Chamberlain knew they could not retreat. And, they did not have the bullets to form a reasonable defense. As he considered his options, he just instinctively chose the one that required the most courage. He shouted “Fix the bayonets now and execute a great right wheel of the entire regime. Swing left first.” In Army speak, that means “Charge.”
To his great surprise, as the men in blue charged down the hill, the Confederate solders turned and ran. They made the assumption that the company from Maine had hidden reinforcements. In less than ten minutes, that ragged group of exhausted solders, without any ammunition, captured over 400 rebels and won the day.

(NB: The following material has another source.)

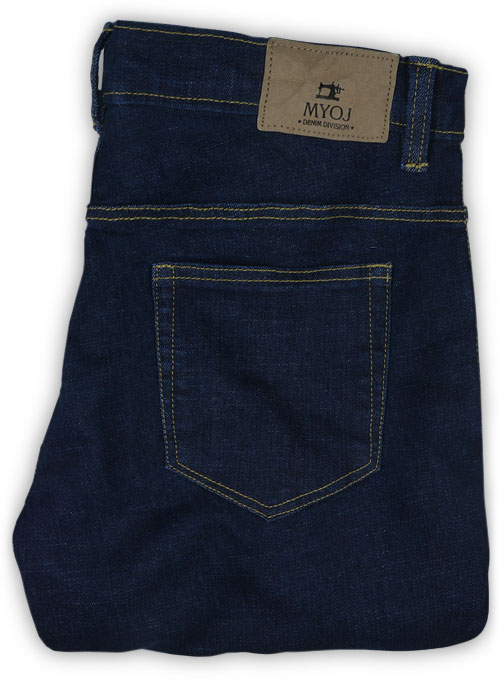 Pacho Blue Hard Wash Stretch Jeans - Click Image to Close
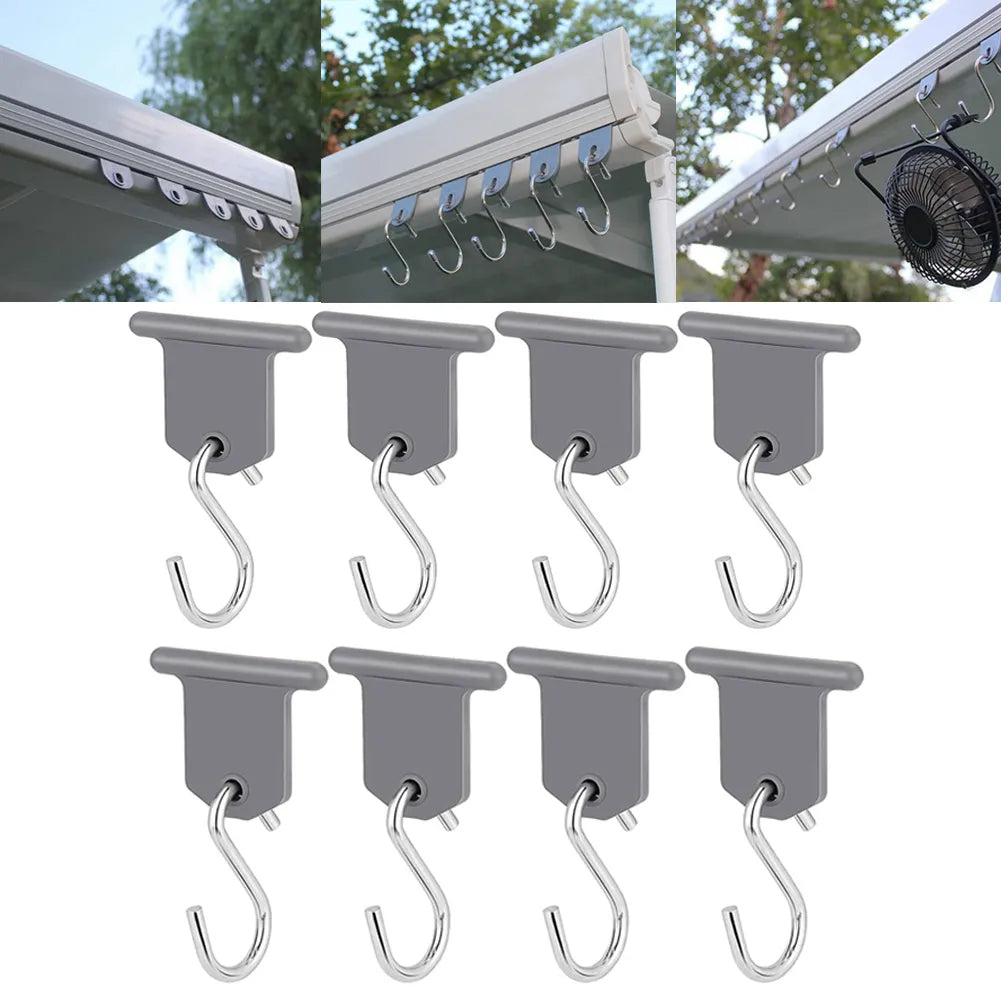 S-shaped Camping Awning Hooks Clips for RV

Historians tell us that particular battle was extremely pivotal. Had the Union not won that one charge, we would not have a United States of America but likely a fractured continent that might look a lot like Europe. Our international strength, political power and ability to influence the world would never have come to fruition.
And when you think about it, the only resource that Chamberlain really had was courage.
Right now, I have a long list of friends who are struggling with significant life challenges. Their “company” has shrunk, their resources have been exhausted and their future looks bleak.
So maybe this week is a great time for us all to consider the value of COURAGE. Four times in the first chapter of Joshua, Israel’s new leader is told to “be strong and courageous…” And that courage was to be rooted in his relationship to the Lord.
The same principle applies to us. Regardless of the circumstances in our lives, we are commanded to lean into our relationship with Christ and draw our strength from Him.
“Be courageous. Do not be terrified, do not be discouraged, for the Lord your God will be with you wherever you go.” (Joshua 1:9)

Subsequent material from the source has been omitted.